Bayesian inference in UQLab: suggestions for improving the plot functions
and the corresponding UQLab User Manual
Dear @paulremo, dear all
after starting to work with UQLab, performing some Bayesian inference computations, examining the program code of UQLab, and pointing out some errors in the code, I would like to suggest some changes in the graphic output and in the UQLab User Manual for Bayesian inference from a users point of view:
1. Legend “mean” / “mean prediction” in plots
The current official version of uq_display_uq_inversion.m
shows “mean” as legend for the red line in the plots for the predictive distribution to indicate
that the red line marks the value for the model output at the approximation for
\mathbb{E}(X|\mathcal{Y}) that is derived by computing the empirical mean of the samples for the model parameter generated from appropriate MCMC samples, at least according to my current understanding of the program code.
I must admit that I believed for some time that this “mean” is just the mean of the samples generating the shown predictive distribution.

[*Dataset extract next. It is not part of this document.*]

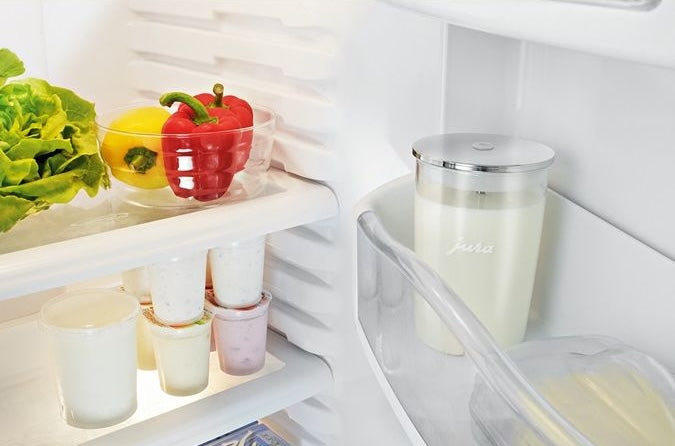 Clear glass milk container with silver lid stored in refrigerator door from kitchen gadgets and tools collection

In a preview version I got for uq_display_uq_inversion.m
(thanks, Paul-Remo), the legend text “mean” is replaced by “mean prediction”, which is an improvement. But, I thins that also this notion could create confusion, since in many papers “mean prediction” corresponds to the mean of the derived predictions but here it is supposed to be the prediction derived by the evaluation the model at the mean of the samples for the model parameter generated from appropriate MCMC samples,
When I discussed results of my computations with a cooperation partner, being a UQ-expert, he asked me, which of these two interpretation of “mean prediction” is valid in my plots. Hence, it is proved that the notion “mean prediction” can create confusion and should therefore be replaced by a different notation, like e.g. “model(mean)” or “model@mean” or “model at mea” or …

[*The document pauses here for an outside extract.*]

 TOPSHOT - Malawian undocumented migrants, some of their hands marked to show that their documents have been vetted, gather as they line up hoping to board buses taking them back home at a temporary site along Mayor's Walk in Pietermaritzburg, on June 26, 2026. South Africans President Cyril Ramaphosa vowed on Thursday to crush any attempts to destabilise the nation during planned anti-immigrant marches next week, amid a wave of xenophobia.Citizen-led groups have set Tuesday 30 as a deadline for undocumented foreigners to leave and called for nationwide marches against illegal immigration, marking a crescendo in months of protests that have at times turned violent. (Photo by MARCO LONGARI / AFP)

2.) Inconsitent use of notion “point estimate”, fix of notations
I must admit that I am confused about the usage of “point estimate” in the manual,
in the program output and in the program code:
In view of the description of the plots in Fig 4(a), Fig 6(a), Fig 9(a) and the red mark in the plots, and what is shown in this plot according to the program code, “mean point estimate” (this notion is only used in these descriptions) seems to indicate the model output at the mean of the samples for the model parameter generated from appropriate MCMC samples.

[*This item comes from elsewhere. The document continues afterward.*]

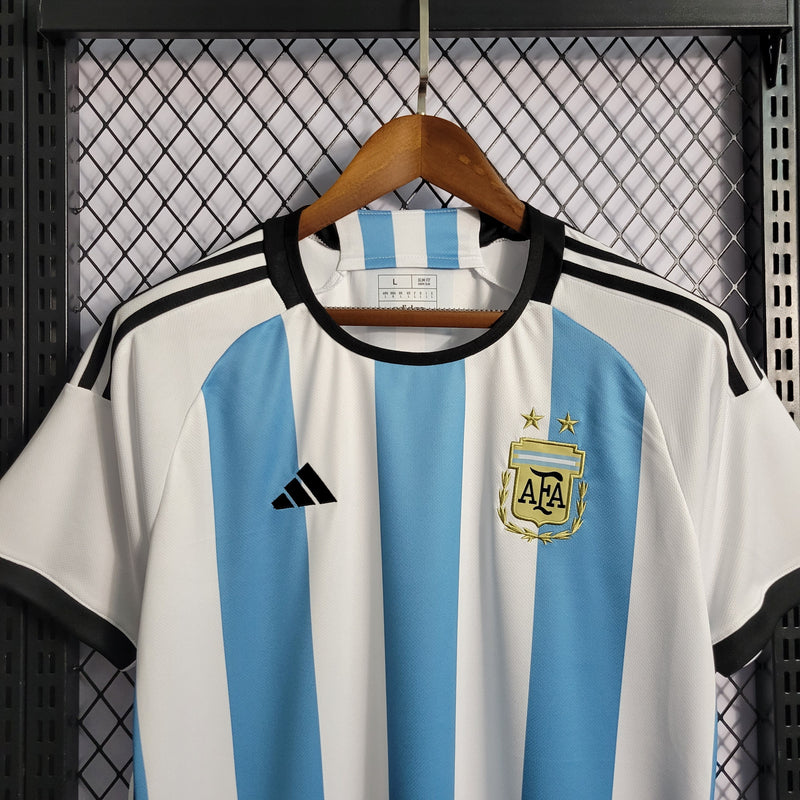 camisa-selecao-argentina-home-titular-1-2023-24-adidas-torcedor-masculina-branca-branco-azul-messi-lionel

But, in the description of Fig 4/6/9 it is also claimed that ``the empirical mean \mathbb{E} [X |\mathcal{Y}] estimated from the MCMC sample’’ is shown in Fig 4(a)/6(a)/9(a), which is not the case.
Hence, I wonder if maybe in both descriptions the mean of the samples for the model parameter generated from appropriate MCMC samples (that is shown Fig 4(b)/6(b)/9(b)) and the model output at this mean (that is shown Fig 4(a)/6(a)/9(a))
has been mixed up.
This would be compatible with an interpretation of " mean point estimate" in view of to the program output, other parts of the manual and the program code.
In the outputs of uq_print
, see e.g. on the pages 21, 26, and 41, of the manual, it holds that there is a table entitled “Point estimate” and a row entitled “Mean”, providing the means of the samples for the model parameter and for the discrepancy generated from appropriate MCMC samples. Hence, it seems to be natural to denote this mean by “mean point estimate”.
Moreover, this interpretation seems to be compatible with the the discussion on emph{point estimator} on page 3 and the discussion near to equation (1.20).
Moreover, in view of the program code of uq_postProcessInversion
, it holds that if the flag pointEstimate_flag
is true
, and the value of pointEstimate
is “mean
” the resulting value for module.Results.PostProc.PointEstimate.X
is the mean of the samples.
I have not been able to find a general established interpretation for “mean point estimate” in my UQ books or by a Internet search .
I suggest to fix a notion for the mean of the samples for the model parameter
and for the model out[t at this mean in the UQLab User Manual for Bayesian inference and use it consistently.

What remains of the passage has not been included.